Apache Spark has proven an efficient and accessible platform for distributed computation. In some areas, it almost approaches the Holy Grail of making parallelization “automagic” — something we human programmers appreciate precisely because we are rarely good at it.
Nonetheless, although it is easy to get something to run on Spark, it is not always easy to tell whether it's running optimally, nor — if we get a sense that something isn't right — how to fix it.
For example, a classic Spark puzzler is the batch job that runs the same code on the same sort of cluster and similar data night after night … but every so often it seems to take much longer to finish. What could be going on?

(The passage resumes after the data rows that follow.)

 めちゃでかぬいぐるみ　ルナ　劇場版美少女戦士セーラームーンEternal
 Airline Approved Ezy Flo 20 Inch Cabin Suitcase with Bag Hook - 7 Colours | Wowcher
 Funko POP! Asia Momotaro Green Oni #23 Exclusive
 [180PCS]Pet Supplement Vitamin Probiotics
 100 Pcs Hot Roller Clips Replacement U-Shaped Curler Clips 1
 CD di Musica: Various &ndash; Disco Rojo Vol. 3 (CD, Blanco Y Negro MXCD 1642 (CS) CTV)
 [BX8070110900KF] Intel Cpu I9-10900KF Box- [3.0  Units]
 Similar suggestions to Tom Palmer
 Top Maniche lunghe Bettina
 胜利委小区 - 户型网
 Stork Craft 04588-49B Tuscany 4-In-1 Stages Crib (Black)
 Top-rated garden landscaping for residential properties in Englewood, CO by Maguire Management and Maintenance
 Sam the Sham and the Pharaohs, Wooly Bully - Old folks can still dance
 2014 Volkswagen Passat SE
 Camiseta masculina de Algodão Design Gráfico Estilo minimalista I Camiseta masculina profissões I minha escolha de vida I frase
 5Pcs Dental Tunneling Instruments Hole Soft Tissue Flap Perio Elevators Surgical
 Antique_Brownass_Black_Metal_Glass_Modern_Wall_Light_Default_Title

In this article, I am going to show how to identify some common Spark issues the easy way: by looking at a particularly informative graphical report that is built into the Spark Web UI. The Web UI Stage Detail view is my go-to page for tuning and troubleshooting, and is also one of the most information-dense spots in the whole UI.
Let's briefly describe a “stage” and how to find the relevant UI screen. Then we'll look at the data in each part of that page.
In Apache Spark execution terminology, operations that physically move data in order to produce some result are called “jobs.” Some jobs are triggered by user API calls (so-called “Action” APIs, such as “.count” to count records). Other jobs live behind the scenes and are implicitly triggered — e.g., data schema inference requires Spark to physically inspect some data, hence it requires a job of its own.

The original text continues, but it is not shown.